Fig. 6 illustrates the scaling effector 324 in more detail. The scaling effector 324 is the component that interprets the result of the decision making engine 322 and causes an adjustment in the level of available resources (i.e., number of operating virtual machines) on the remote site in the cloud 302. Based on the predicted number of required instances, the scaling effector 324 determines the number of instances 306 to be added or deleted.

One example to achieve this is by considering the number of currently live instances to see if it matches the desired number. If the desired number is higher then this unit will issue a scaling action to increase the number of instances, or if the desired number is lower then scaling action to decrease the number of instances is issued, otherwise nothing needs to be done.

A hybrid cloud command generator 602 converts the scaling actions into API calls of the specific cloud platform. The hybrid cloud command generator 602 maintains internally a mapping for each supported cloud provider and each of these mappings maps a specific scaling action into the corresponding commands for the platform. Typically, these mappings are previously constructed by the user manually. The commands are sent to the cloud provider API and controller via common cloud interface 604. Fig. 7 illustrates a computer implemented method 700 performed by prediction module 508 for predicting demand of a computer system. The method 700 is initialised with a substring length n, a number of patterns p to create and a number of iterations m which determines its convergence condition.

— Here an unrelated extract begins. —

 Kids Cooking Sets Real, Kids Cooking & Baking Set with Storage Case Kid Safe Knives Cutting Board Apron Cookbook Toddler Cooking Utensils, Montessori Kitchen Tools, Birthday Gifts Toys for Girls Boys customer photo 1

The method 700 commences by receiving 702 one or more input data streams. In this example, the method 700 receives two data streams, such as monitoring data from the translation module 404 and data from the human hints receiver 408, but in other examples any number of input data streams from a variety of sources may be used.

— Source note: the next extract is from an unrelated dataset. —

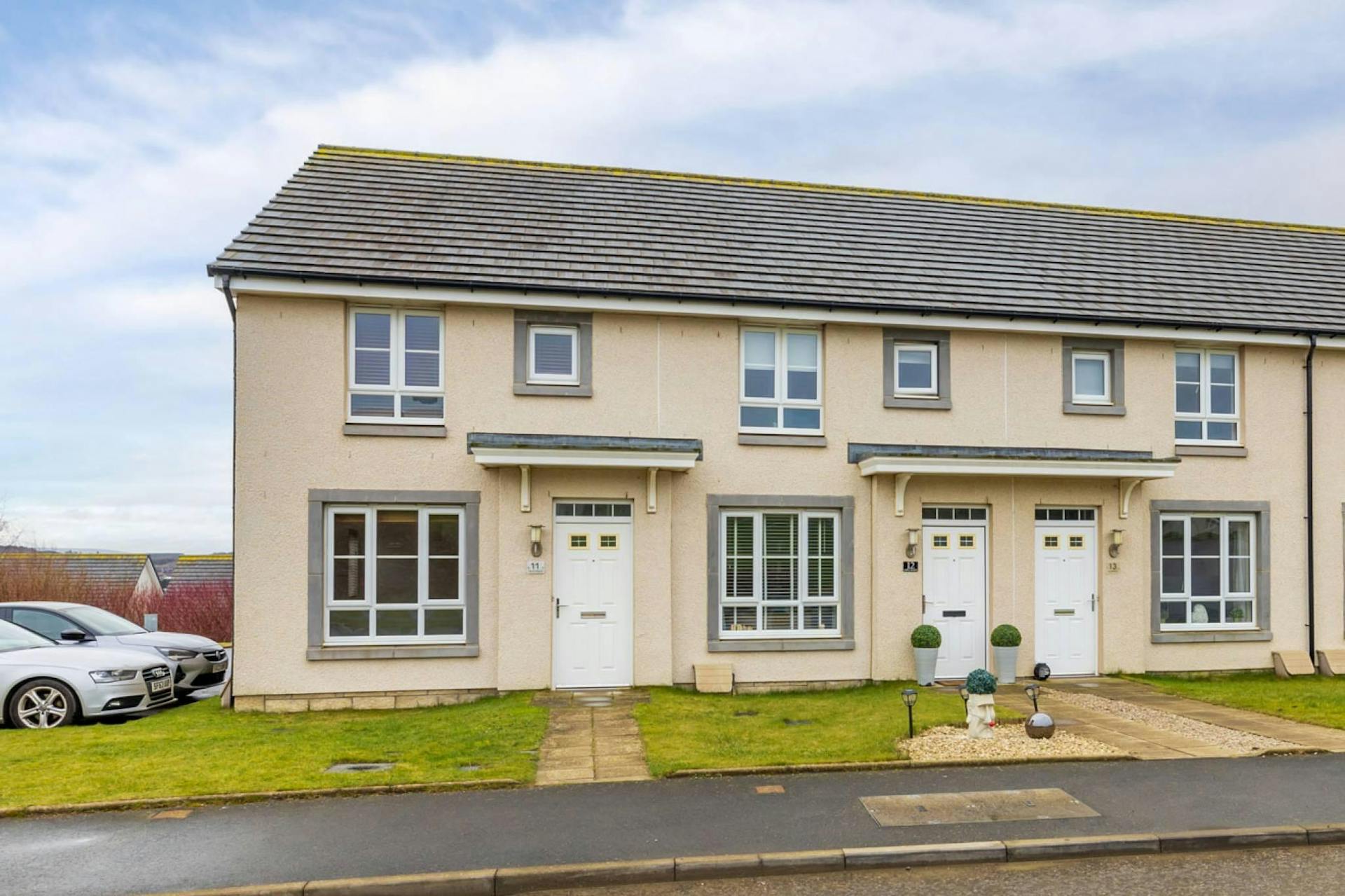 11 Osprey Heights, Inverurie, AB51 6AA McEwan Fraser Legal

The monitoring data comes from the monitoring module 320 and it is periodically updated based on information collected from each of the instances 306. For convenience, we use the monitoring data below in this example:

Time Samples Average Sum Minimum Maximum Unit

2010-08-14 14:52:00 1.0 17.56 17.56 17.56 17.56 Percent

2010-08-14 14:53:00 1.0 25.02 25.02 25.02 25.02 Percent

2010-08-14 14:54:00 1.0 20.63 20.63 20.63 20.63 Percent

2010-08-14 14:55:00 1.0 26.98 26.98 26.98 26.98 Percent

2010-08-14 14:56:00 1.0 29.37 29.37 29.37 29.37 Percent

In this example, the computing cloud offers multiple different instance types, such as a small instance and a large instance. The data above shows that at time 2010-08-14 14:52:00, the average CPU load is 17.56% of the allocated instance type. In this specific case, an EC2 small instance is used which has one Elastic Compute Unit (lx ECU). The processing power of one ECU roughly corresponds to 1.2GHz Xeon. The units of the last column of the Table above can be safely ignored since the same unit is used throughout the whole example. In the case where the units vary, for example, if different instance types are used then it is necessary that we normalise the units before applying the algorithm.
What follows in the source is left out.